Missing: Eagles coach Doug Pederson | Marcus Hayes
He has no faith in his players. No confidence. And why should he? You can’t play to win with a team built to lose.
Where is Real Doug Pederson? Where did that guy go?
Real Doug Pederson gambles like Wyatt Earp and Doc Holliday. Real Doug Pederson rolls the dice more than Leroy Brown. Real Doug Pederson had more gadgets up his sleeve than James Bond and more flavor than Flav, but this Doug Pederson is just ... Bland. Blah. Blech.
Who is this pathetic, beaten, bewildered man wearing Chip Kelly’s old visor? Real Doug Pederson’s playbook was a Picasso canvas, innovative and thrilling and unconventional; this Doug Pederson is painting like Bob Ross on PBS.

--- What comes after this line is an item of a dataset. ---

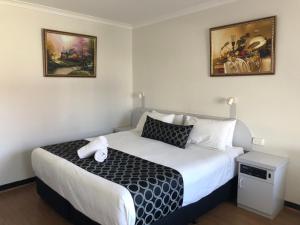Schlafzimmer mit einem Bett mit einer schwarzen und weißen Bettdecke in der Unterkunft Queanbeyan Motel in Queanbeyan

Where is dangerous Doug? Daring Doug? Dougie Fresh?
The answer is simpler than it seems. Old Doug Pederson, the Real Doug Pederson, no longer believes in his players. He’s timid these days, grateful to just be in the game, happy to salvage a tie.
It’s sad, but it’s understandable.
You can’t play to win with a team built to lose.
No longer is Doug Pederson the coach who called the fourth-and-goal Philly Special -- in the Super Bowl, with the lead, just before halftime, with his backup quarterback in the game, against the greatest football coach of the era.
This Doug Pederson didn’t go for two points at the end of the fourth quarter Sunday, welcoming overtime, then punted to preserve a tie. For an 0-2 team. A tie.
It might be the right play, but nobody builds you a statue for a punt.
Both of these decisions were irrefutably correct -- he had the better team in overtime, and a tie might mean a playoff berth in the NFC Least -- but neither are the decision the Real Doug Pederson would have made.
Has Doug Pederson lost the team?
No.
The team has lost Doug Pederson.
He has no faith in his players. No confidence. And why should he?
His $128 million quarterback, Carson Wentz, has a 63.9 passer rating and six interceptions, both worst in the NFL, and all of them were his fault. Wentz also has fumbled three times, which is tied for second-worst, and he lost one of them, for seven turnovers in three games. On a team with a defense that starts Nate Gerry and Jalen Mills and counts on JJ Arcega-Whiteside to catch passes, Wentz is -- grading on the payroll curve -- the team’s worst player.
Pederson could not trust Wentz to make it on fourth-and-12 with 19 seconds to play in overtime near midfield, because if Wentz failed then the Bengals had a decent chance to quickly reach field-goal range and win. Pederson could not trust his mobile, 27-year-old, 6-foot-5, 250-pound quarterback to make a two-point conversion with the team trailing by one point with 21 seconds to play in regulation.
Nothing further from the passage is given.